• [Problem to solve]:
Take the lines from the one with "鳥取県米子市内町111 宇氣河口神社の写真1" through the last line of the material below and write them out exactly, without any pictures.

• [Material shown]:
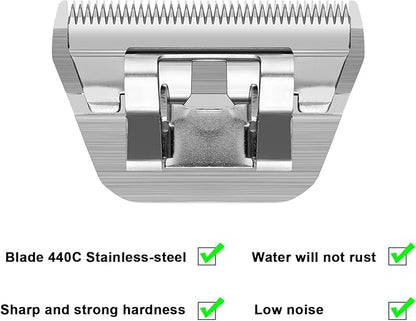 30W Wide Pet Dog Grooming Detachable Blades,Compatible with Andis,Oster A5,Wahl KM10 Clippers,Cut Length 1/50"(0.5mm),Fit for Larger Animals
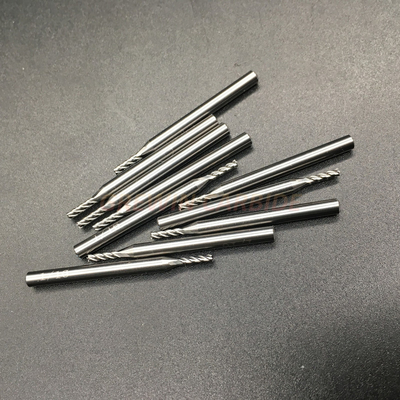Single Flute Aluminium Cutting End Mills Alat Pemotong Kayu Tungsten Carbide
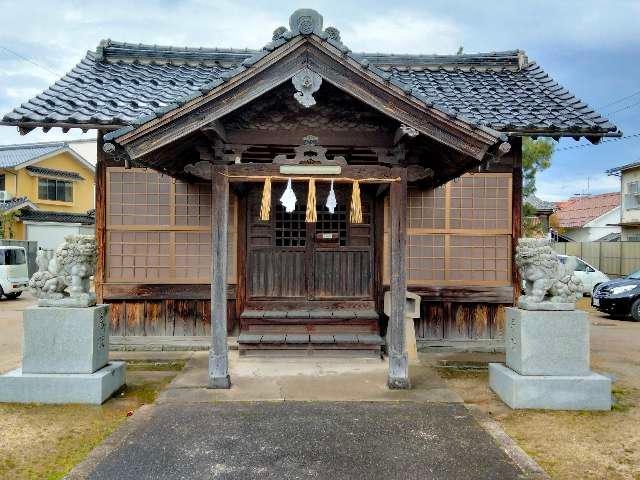 鳥取県米子市内町111 宇氣河口神社の写真1
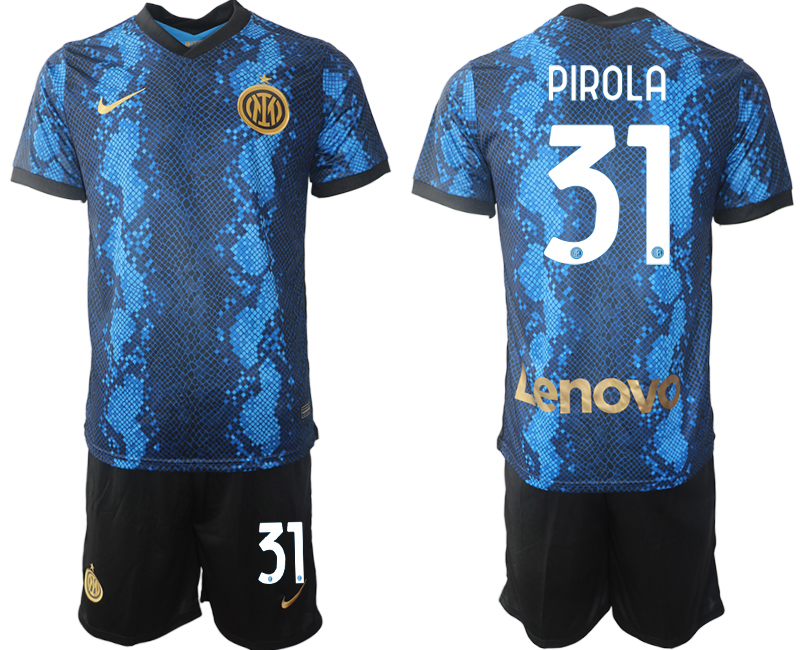 Men 2021-2022 Club Inter Milan home blue 31 PIROLA Nike Soccer Jersey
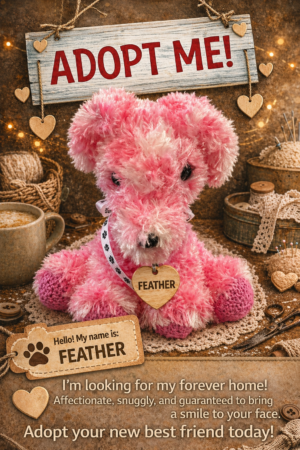 Adopt a Dog - Feather - 18cm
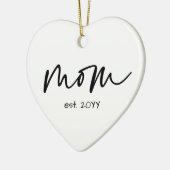 Mam Vast-minimalistische typografie-cadeau Keramisch Ornament (Links)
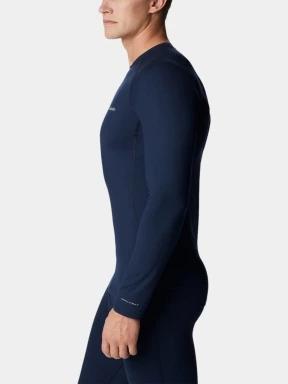 Columbia M Omni-Heat Infinity Knit LS Crew férfi aláöltöző felső kék színben 3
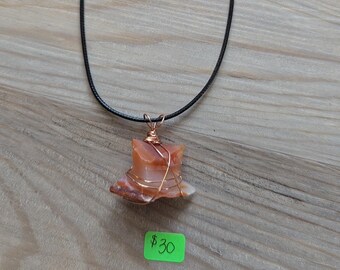 SURPRISE Hand wire wrapped crystal necklaces, great gifts for the holidays; similar to the picture shown, your wrapped stone will be sick!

• [Exercise answer]:
 鳥取県米子市内町111 宇氣河口神社の写真1
 Men 2021-2022 Club Inter Milan home blue 31 PIROLA Nike Soccer Jersey
 Adopt a Dog - Feather - 18cm
 Mam Vast-minimalistische typografie-cadeau Keramisch Ornament (Links)
 Columbia M Omni-Heat Infinity Knit LS Crew férfi aláöltöző felső kék színben 3
 SURPRISE Hand wire wrapped crystal necklaces, great gifts for the holidays; similar to the picture shown, your wrapped stone will be sick!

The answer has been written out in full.